• TASK REQUIREMENTS
From the line containing "Samson USB/XLR Podcast" to the line containing "po x P 1,5 po" in the records below, set down every line exactly as it stands, both ends included, and skip the pictures.

• PROVIDED INFORMATION
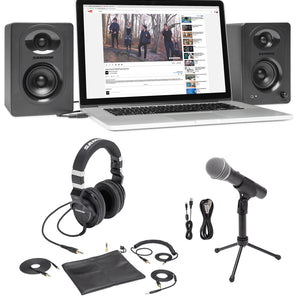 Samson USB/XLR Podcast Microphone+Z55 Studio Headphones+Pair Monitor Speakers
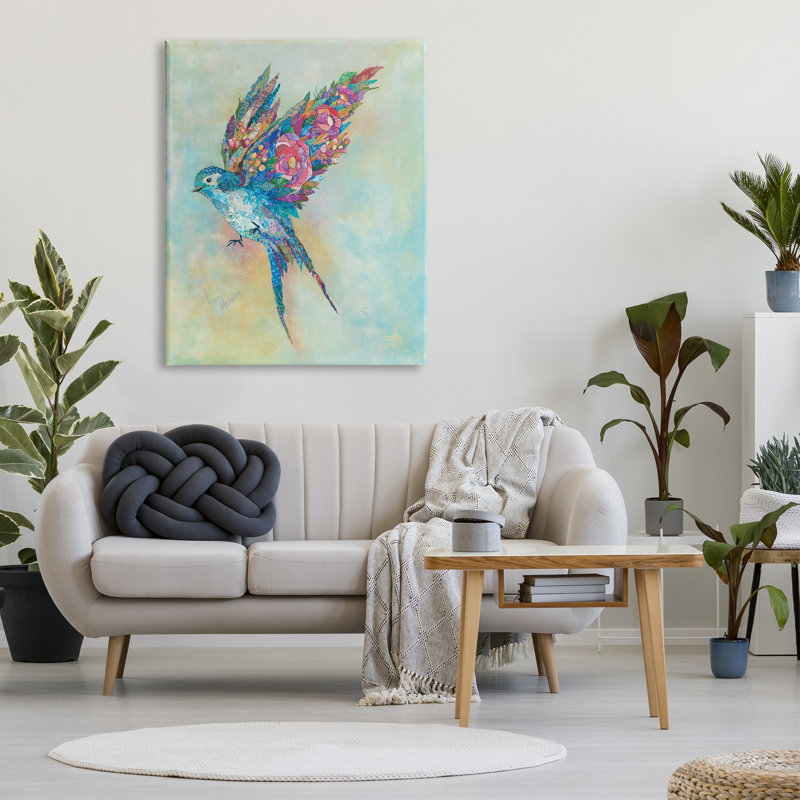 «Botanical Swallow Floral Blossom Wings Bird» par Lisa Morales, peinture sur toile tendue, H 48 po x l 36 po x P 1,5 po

...

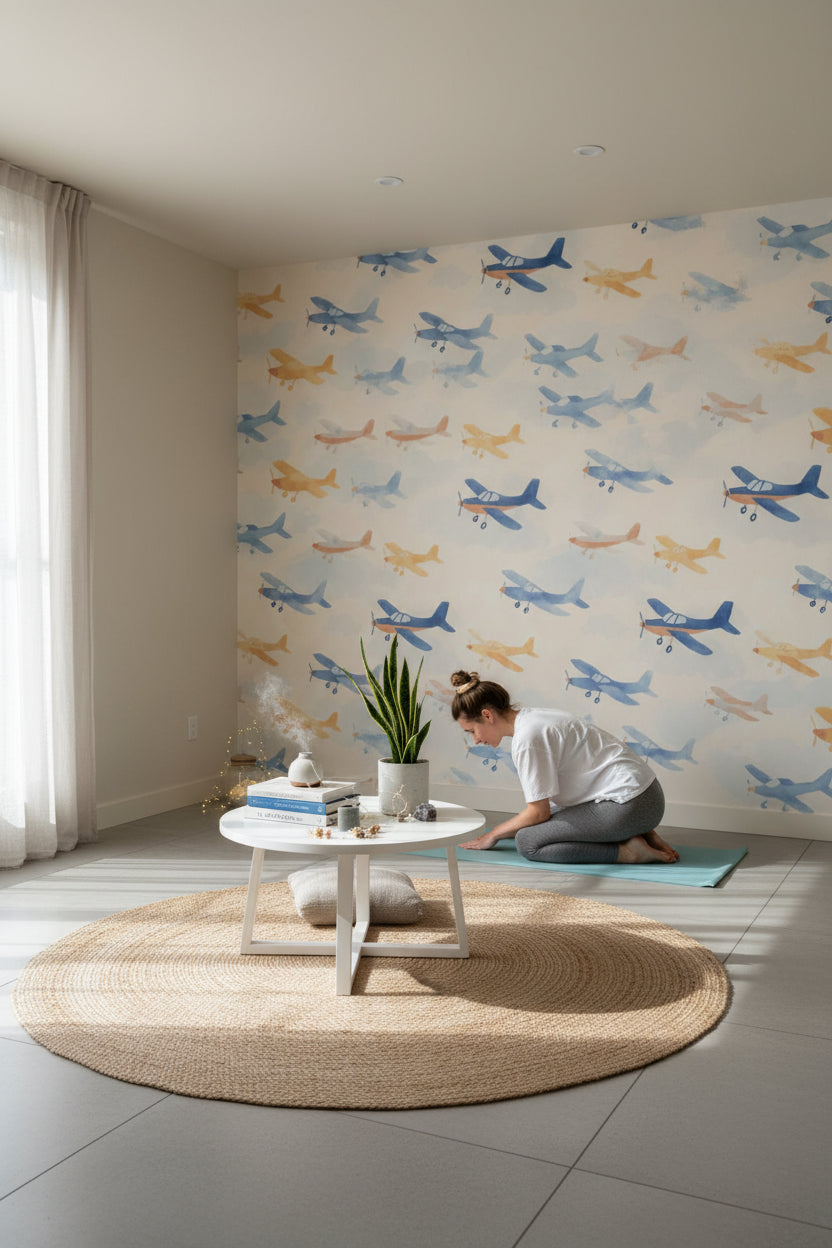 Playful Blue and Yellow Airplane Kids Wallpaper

==

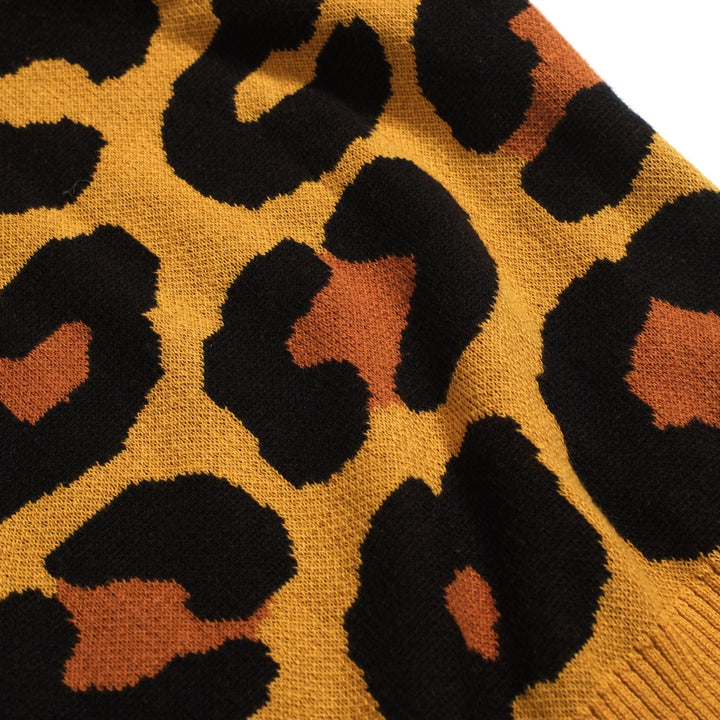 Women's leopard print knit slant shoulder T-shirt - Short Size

• COMPLETED EXERCISE
 Samson USB/XLR Podcast Microphone+Z55 Studio Headphones+Pair Monitor Speakers
 «Botanical Swallow Floral Blossom Wings Bird» par Lisa Morales, peinture sur toile tendue, H 48 po x l 36 po x P 1,5 po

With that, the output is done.